Bayesian calibration of the seasonal influenza model identified model parameters for which empirical data are insufficient (Table 1). The transmission rates of 4 influenza strains that were estimated in the historic influenza seasons in the United States ranged from 0.391 to 0.425. The estimated transmission rates for the subtype A lineages tend to be higher than the transmission rates of the B lineages. Calibration identified that infection with the same strain of influenza or the other B lineage in the prior season reduces susceptibility on average by 27.5% (95% CI, 25.7%–29.4%) and 31.7% (95% CI, 21.1%–41.9%) for the next season. In calibrations, we estimated the hospitalization rate among all influenza cases to be 0.3%–0.7% over the 2012–2013 to 2019–2020 seasons. Prior and posterior distributions of parameters are compared in Supplementary Figure 1. In model validation, the calibrated seasonal influenza model reproduced past epidemics; specifically, the model simulated the annual rate of flu hospitalization from 2012–2013 to 2019–2020 close to the corresponding data observed over the same time period (Supplementary Figure 2). The calibrated model also replicated the dominant influenza strain of each season (Supplementary Figure 3) and the seasonal peak (Supplementary Figure 4) in most historic influenza seasons.
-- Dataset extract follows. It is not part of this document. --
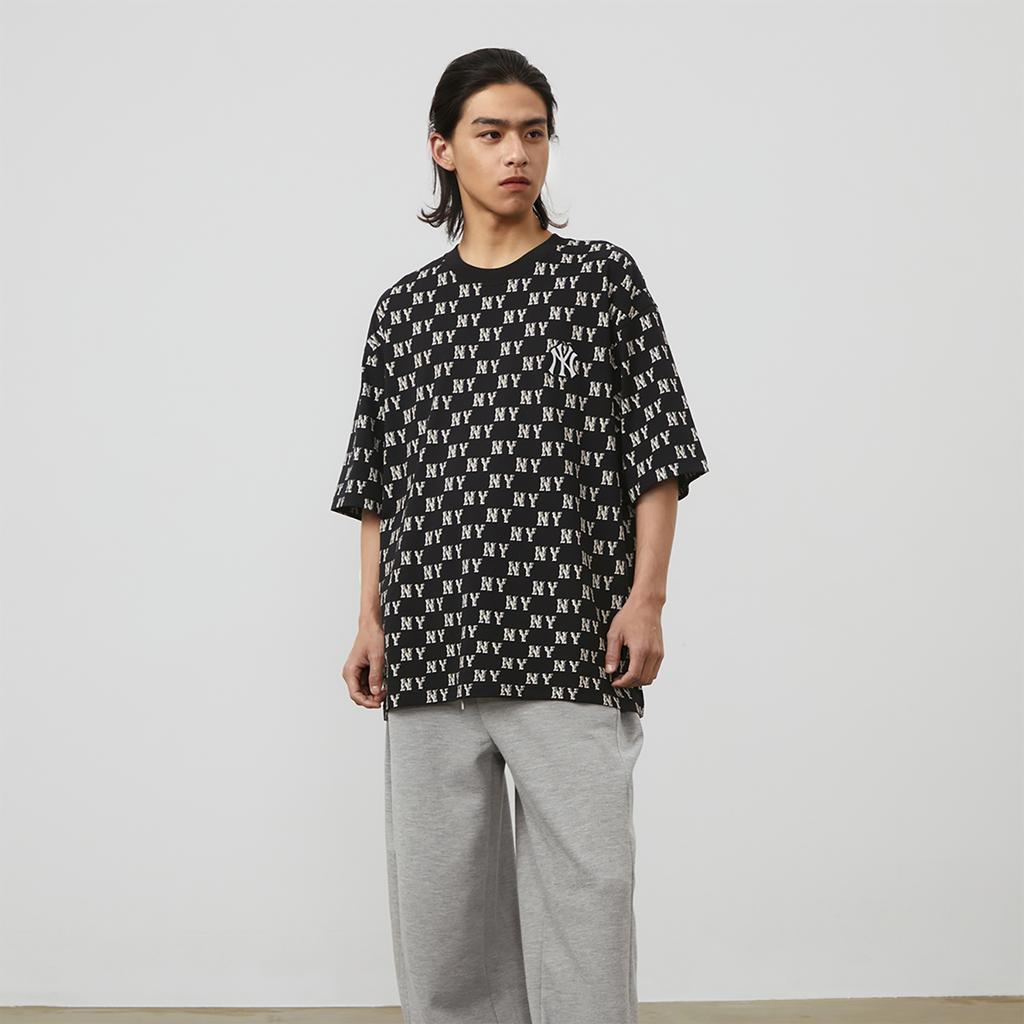 New MLB MONOGRAM Collection New York Yankees T-Shirt Unisex Black 3ATSM0243-50BKS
Change in Influenza Epidemics in Response to the Reduced Transmission in 2020–2021

The lowered influenza activity in the 2020–2021 season leads to higher and earlier epidemic peaks in subsequent seasons, compared with normal influenza activity in 2020–2021 (Figure 1). With a 10% reduced transmission rate, we estimated the seasonal peak (defined as when the prevalence of infection is the highest) in 2021–2022 to be 0.017 on January 19, 2022. This is 10% higher and 5 days earlier than the estimated seasonal peak without the change in influenza activity (0.016). With the 15% and 20% reduced influenza activity in 2020–2021, the seasonal peaks in 2021–2022 increased by 19.7% and 37.7% and were 7 and 9 days earlier than the epidemics modeled with the historic influenza pattern.

Figure 1.

Figure 1.

Change in influenza epidemics in response to the reduced transmission in 2020–2021. Influenza seasons from 2012 to 2020 were simulated using transmission rates that represent historic influenza patterns (“historic influenza pattern” in gray). The future influenza epidemics from 2020 to 2022 were simulated with the same transmission rates (“no COVID-19 effect” in red) or with 10% (olive), 15% (green), and 20% (blue) decreased transmission rates. Trends in 2020–2022 are zoomed in a window. Abbreviation: COVID-19, coronavirus disease 2019.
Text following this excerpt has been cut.